Moving data (back and forth) with backups

Backups, backups and backups. That’s pretty much my answer to what should be the top 3 priority topics that any DBA needs to understand well. And that’s what we’re going to be looking at this post, backups! Backups play a vital and important role in keeping your data (and in some cases your career) safe, but they are also great way to migrate data from one location to another.

In this post we’ll look into migration scenario, how to move data from one instance to another and then back again.

The Scenario

At the office we have a Very Important Database, which in this demo is aptly named VeryImportantDB and it has an important table, named (drum roll) ImportantTable. We’re asked to migrate this database to a new server and we decide to accomplish this by taking FULL backup and a set of LOG backups to minimize the downtime.

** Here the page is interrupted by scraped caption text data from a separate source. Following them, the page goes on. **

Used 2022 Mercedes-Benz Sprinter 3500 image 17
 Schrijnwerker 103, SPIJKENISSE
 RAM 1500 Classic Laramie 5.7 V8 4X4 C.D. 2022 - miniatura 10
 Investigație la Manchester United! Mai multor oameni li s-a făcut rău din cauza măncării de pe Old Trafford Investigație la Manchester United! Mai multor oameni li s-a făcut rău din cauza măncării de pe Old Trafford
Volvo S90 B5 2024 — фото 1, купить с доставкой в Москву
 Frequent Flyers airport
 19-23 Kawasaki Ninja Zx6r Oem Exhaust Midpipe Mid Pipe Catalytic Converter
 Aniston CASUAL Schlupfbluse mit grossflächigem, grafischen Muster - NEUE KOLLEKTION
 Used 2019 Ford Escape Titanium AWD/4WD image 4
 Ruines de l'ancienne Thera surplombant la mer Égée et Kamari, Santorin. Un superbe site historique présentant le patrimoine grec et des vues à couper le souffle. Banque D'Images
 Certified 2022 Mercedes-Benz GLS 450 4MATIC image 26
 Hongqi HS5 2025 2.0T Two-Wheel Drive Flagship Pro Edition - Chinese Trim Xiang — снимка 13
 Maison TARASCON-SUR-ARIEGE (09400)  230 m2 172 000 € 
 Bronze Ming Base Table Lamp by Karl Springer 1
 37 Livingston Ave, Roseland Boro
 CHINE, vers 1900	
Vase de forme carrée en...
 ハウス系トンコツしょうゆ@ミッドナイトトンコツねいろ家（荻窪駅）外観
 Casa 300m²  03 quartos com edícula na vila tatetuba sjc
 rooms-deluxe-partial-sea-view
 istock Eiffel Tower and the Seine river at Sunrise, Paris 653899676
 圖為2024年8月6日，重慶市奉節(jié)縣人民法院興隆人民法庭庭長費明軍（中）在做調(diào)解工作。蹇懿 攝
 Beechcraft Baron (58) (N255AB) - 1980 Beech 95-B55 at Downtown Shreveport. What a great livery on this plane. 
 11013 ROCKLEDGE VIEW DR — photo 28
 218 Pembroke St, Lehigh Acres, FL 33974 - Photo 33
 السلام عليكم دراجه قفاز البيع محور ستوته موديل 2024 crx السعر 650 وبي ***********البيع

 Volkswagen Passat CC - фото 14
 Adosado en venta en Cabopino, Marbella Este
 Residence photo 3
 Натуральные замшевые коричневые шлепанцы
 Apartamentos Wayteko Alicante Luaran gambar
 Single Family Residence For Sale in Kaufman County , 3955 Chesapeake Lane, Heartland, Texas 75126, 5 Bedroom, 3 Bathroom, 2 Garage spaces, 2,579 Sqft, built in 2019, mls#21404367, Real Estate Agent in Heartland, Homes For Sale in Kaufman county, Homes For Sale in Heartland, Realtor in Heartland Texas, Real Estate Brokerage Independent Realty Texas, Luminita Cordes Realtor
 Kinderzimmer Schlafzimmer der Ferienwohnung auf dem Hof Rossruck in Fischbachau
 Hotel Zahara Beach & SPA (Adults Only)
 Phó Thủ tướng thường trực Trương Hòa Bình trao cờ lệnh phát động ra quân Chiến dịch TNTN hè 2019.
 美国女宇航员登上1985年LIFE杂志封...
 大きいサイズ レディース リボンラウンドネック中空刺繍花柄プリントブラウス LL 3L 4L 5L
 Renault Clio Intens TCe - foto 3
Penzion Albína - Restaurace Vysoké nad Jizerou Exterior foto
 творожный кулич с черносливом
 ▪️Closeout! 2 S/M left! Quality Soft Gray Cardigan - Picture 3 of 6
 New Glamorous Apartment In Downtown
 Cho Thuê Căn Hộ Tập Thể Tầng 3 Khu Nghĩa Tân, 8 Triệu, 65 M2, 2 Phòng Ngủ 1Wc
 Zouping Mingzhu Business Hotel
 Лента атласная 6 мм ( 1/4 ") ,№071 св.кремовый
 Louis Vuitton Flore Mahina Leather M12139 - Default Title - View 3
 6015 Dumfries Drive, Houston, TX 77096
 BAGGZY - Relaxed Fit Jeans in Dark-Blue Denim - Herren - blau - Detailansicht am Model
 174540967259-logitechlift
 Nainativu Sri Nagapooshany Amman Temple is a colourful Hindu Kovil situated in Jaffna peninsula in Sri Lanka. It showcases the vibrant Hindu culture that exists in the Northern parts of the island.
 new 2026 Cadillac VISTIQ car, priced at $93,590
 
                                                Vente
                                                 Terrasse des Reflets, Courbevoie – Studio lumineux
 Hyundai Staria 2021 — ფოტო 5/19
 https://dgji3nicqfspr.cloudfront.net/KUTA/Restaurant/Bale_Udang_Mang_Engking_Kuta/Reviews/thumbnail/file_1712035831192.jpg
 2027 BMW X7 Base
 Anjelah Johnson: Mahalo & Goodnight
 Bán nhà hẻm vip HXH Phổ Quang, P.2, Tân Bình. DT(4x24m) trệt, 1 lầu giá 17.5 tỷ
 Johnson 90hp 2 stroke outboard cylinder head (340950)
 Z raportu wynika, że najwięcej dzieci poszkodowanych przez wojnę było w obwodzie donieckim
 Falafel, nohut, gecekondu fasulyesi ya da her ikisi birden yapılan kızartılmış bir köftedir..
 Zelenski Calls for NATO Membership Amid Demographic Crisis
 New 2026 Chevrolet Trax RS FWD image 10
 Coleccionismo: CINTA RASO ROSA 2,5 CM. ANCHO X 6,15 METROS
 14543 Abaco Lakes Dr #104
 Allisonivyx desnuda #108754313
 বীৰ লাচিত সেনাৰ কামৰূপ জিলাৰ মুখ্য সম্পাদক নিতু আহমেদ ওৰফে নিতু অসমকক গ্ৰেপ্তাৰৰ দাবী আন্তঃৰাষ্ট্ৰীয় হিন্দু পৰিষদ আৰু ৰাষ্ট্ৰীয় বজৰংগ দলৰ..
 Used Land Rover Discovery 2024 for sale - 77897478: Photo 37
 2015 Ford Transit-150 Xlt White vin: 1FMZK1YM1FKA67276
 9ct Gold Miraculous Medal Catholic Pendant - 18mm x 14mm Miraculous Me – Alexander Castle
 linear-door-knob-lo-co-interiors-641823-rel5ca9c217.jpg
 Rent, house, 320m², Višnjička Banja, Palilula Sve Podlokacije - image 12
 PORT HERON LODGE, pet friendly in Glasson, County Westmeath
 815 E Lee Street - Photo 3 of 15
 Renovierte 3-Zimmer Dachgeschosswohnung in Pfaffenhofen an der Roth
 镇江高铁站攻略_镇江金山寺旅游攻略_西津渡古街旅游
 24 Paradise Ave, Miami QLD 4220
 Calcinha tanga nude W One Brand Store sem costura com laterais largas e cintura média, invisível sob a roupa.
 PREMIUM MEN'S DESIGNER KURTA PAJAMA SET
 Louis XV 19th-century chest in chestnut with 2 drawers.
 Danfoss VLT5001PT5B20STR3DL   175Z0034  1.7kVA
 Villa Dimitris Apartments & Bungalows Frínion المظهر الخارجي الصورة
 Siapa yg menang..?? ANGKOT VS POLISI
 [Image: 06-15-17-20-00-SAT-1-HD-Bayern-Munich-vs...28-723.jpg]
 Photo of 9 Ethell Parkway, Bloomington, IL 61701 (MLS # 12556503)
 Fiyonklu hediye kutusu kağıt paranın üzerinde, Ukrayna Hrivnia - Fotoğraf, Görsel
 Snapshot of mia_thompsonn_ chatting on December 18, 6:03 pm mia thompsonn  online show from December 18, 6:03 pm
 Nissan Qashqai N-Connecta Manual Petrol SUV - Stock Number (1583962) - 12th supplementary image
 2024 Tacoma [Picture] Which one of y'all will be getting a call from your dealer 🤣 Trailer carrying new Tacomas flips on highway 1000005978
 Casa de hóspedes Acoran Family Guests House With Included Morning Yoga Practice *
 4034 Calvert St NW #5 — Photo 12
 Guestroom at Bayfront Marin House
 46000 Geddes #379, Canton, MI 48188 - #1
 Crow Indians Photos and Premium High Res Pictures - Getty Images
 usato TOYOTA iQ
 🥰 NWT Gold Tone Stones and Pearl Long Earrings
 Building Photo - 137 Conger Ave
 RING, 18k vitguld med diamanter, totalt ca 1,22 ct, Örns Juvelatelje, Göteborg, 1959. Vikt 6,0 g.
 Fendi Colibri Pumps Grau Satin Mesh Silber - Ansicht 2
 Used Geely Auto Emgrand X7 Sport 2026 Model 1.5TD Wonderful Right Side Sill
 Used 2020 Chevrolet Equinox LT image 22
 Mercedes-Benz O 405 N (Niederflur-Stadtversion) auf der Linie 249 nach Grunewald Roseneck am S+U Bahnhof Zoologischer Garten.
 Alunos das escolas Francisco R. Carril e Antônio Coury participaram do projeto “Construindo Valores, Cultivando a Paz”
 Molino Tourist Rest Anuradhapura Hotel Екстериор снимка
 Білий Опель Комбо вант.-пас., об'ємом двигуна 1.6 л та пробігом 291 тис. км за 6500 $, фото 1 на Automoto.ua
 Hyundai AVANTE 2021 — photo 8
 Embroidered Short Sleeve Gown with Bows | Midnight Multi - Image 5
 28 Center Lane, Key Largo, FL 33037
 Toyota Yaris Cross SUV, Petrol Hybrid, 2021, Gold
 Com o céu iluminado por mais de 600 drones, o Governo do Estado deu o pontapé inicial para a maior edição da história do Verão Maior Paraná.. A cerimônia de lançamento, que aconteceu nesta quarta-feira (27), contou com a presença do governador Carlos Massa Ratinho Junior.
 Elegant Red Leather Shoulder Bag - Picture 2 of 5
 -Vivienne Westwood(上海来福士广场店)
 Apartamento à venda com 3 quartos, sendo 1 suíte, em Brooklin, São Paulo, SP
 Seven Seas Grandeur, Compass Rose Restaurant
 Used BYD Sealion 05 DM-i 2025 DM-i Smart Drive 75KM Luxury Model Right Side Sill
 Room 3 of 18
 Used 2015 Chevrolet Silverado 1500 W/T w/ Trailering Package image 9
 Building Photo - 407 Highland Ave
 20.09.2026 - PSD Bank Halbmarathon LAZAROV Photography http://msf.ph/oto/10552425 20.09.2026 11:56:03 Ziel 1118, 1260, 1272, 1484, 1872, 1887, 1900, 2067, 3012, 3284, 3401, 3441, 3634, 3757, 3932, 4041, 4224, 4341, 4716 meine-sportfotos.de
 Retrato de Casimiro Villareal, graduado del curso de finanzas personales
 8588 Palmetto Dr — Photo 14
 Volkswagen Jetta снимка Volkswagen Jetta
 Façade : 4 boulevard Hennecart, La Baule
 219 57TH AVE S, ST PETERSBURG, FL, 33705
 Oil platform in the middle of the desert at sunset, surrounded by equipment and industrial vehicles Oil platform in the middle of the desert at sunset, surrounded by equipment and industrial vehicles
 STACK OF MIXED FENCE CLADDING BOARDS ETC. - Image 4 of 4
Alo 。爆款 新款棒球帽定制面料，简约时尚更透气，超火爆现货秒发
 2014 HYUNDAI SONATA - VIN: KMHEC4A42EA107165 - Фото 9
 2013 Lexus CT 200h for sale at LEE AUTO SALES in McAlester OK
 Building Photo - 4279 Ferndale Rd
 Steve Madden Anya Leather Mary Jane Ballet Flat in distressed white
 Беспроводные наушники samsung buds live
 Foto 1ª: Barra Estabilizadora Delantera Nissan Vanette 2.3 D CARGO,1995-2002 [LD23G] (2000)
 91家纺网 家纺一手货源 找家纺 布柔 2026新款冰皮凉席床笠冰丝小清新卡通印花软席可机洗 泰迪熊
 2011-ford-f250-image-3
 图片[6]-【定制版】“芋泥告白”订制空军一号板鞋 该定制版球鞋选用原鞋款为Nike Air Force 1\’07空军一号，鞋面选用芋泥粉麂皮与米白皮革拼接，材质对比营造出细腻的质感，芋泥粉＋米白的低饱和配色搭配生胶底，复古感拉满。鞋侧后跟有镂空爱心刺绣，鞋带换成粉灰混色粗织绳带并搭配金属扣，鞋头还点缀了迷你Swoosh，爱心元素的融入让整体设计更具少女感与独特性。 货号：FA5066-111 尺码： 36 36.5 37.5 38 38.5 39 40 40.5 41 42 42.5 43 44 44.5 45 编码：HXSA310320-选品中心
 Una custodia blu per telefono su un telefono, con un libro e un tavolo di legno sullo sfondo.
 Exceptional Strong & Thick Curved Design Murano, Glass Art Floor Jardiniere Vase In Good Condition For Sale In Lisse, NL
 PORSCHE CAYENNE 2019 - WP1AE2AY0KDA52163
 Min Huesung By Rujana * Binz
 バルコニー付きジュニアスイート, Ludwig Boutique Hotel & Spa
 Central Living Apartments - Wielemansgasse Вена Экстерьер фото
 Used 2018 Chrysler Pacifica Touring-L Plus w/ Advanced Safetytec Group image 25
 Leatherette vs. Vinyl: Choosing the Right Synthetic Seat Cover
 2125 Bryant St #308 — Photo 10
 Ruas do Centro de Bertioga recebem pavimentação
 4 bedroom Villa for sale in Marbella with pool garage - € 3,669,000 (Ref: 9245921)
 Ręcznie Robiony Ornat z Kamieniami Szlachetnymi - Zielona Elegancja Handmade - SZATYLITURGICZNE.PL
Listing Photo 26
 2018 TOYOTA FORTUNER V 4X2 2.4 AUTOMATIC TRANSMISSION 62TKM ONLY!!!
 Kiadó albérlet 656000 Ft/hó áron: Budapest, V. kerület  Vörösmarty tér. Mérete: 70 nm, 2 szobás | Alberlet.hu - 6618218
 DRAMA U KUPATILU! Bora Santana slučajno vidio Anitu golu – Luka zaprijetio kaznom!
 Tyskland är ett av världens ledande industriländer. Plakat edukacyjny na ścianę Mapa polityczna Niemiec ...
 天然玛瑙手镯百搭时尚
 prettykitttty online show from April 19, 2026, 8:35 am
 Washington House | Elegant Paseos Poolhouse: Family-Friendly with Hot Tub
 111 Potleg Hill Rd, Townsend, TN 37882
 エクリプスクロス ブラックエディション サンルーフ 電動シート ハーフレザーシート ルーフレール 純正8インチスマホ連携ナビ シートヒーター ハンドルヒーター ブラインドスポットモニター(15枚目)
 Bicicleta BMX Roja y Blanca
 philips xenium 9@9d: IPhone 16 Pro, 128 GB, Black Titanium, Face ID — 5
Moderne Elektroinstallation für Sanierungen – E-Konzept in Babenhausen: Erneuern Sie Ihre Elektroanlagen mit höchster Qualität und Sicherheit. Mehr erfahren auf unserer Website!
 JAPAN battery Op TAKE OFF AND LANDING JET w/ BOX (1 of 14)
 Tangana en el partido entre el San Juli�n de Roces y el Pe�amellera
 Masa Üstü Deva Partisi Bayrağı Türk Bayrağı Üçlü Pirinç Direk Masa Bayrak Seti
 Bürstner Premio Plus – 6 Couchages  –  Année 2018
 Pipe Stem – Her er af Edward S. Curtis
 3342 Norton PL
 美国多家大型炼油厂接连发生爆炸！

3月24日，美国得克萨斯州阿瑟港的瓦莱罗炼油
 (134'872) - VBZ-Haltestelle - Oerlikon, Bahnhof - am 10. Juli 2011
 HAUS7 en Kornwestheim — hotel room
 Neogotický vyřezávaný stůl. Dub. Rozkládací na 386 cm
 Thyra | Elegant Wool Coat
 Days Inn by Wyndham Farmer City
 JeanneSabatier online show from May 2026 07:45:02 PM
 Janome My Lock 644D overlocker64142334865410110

All seems to go well, but then, unlike in real life, something horrible happens and we need to return to previous server. Can we accomplish this quickly and with minimal downtime just by using transaction log backups alone? I’ll tell you right away that the answer is: Yes.

But don’t just take my word for it, read on.

initial backup

First let’s take a look at the ImportantTable, which holds all our clients, or some other equally important information.

SELECT FirstName
     , LastName
FROM dbo.ImportantTable;

At this point we’ll run FULL backup which we’ll use to begin the migration to a new server.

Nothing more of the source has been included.